(Beginning of Data shown)

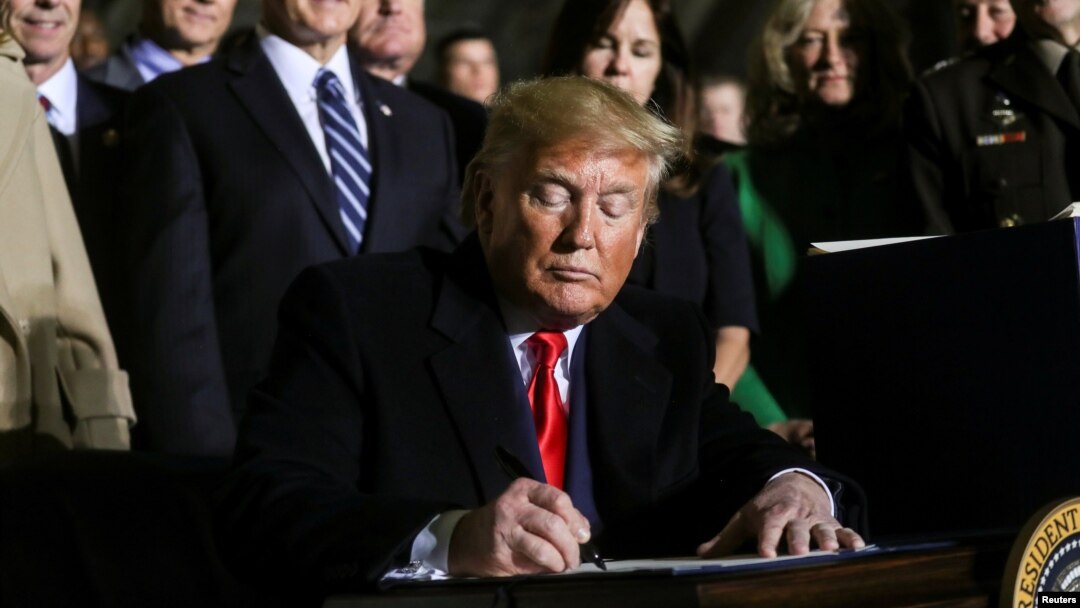 Donald Tramp u američkoj vojnoj bazi Sent Endrjuz (Foto: REUTERS/Leah Millis)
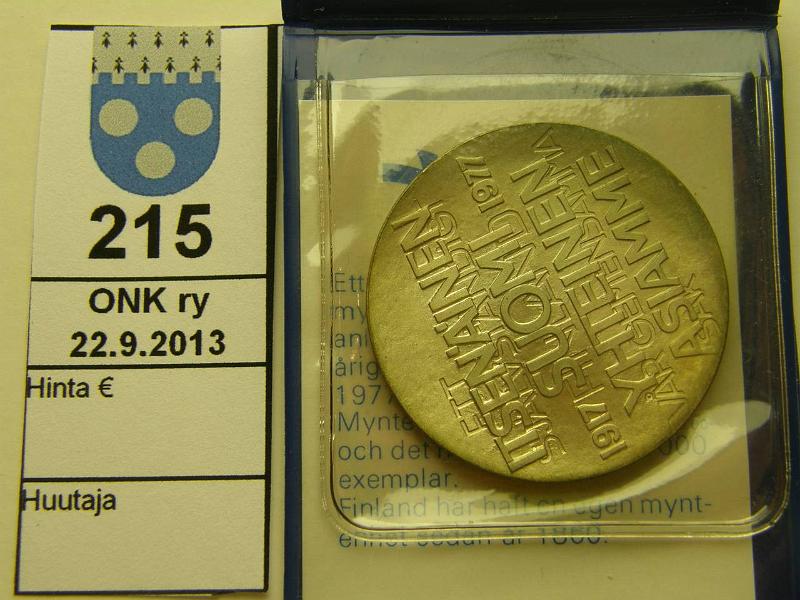 k-0215-a.jpg - Kohde 215, lhthinta: 20 € / myyntihinta: 32 € 10 mk 1977 Ag, Nainen raskaana, alkup. muovitasku, kunto: 9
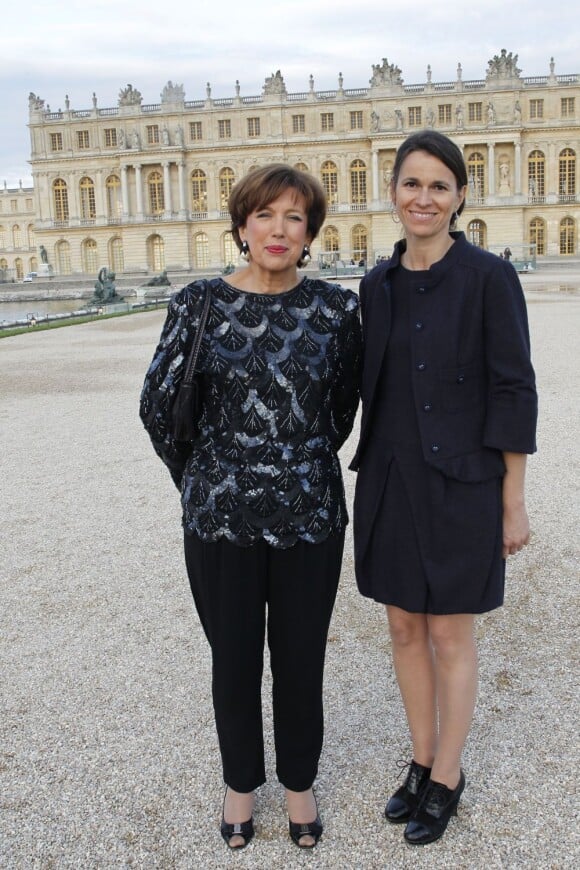 La ministre de la Culture Aurélie Filippetti et Roselyne Bachelot au vernissage de l'exposition Joana Vasconcelos au château de Versailles, le 18 juin 2012.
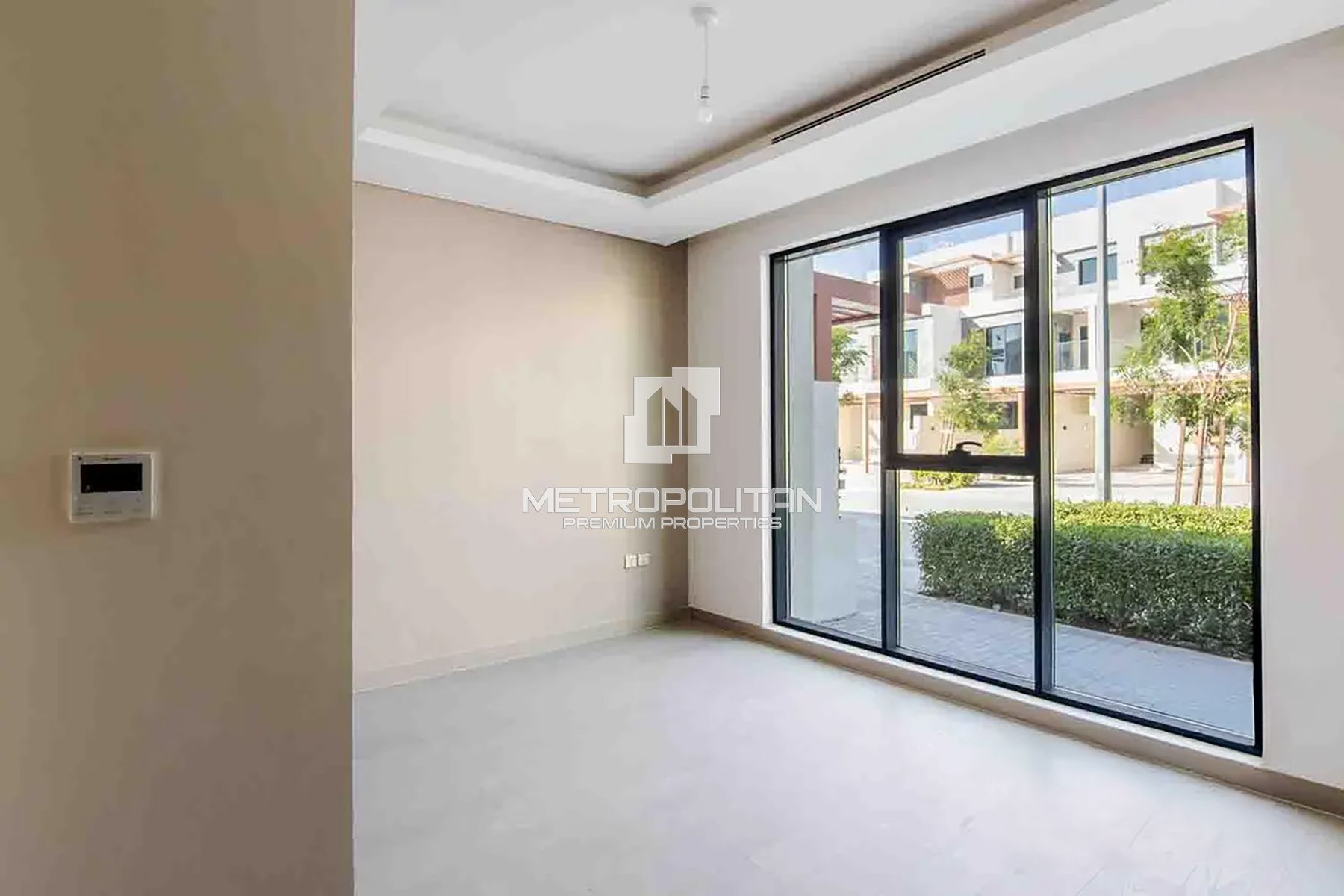 Single Row | Backing Golf Course | Exclusive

(End of Data shown)

# Work to be completed:
Find the line with "La ministre de". Return it and each line after it through the end of the data, exactly, without pictures.

# Answer to this problem:
 La ministre de la Culture Aurélie Filippetti et Roselyne Bachelot au vernissage de l'exposition Joana Vasconcelos au château de Versailles, le 18 juin 2012.
 Single Row | Backing Golf Course | Exclusive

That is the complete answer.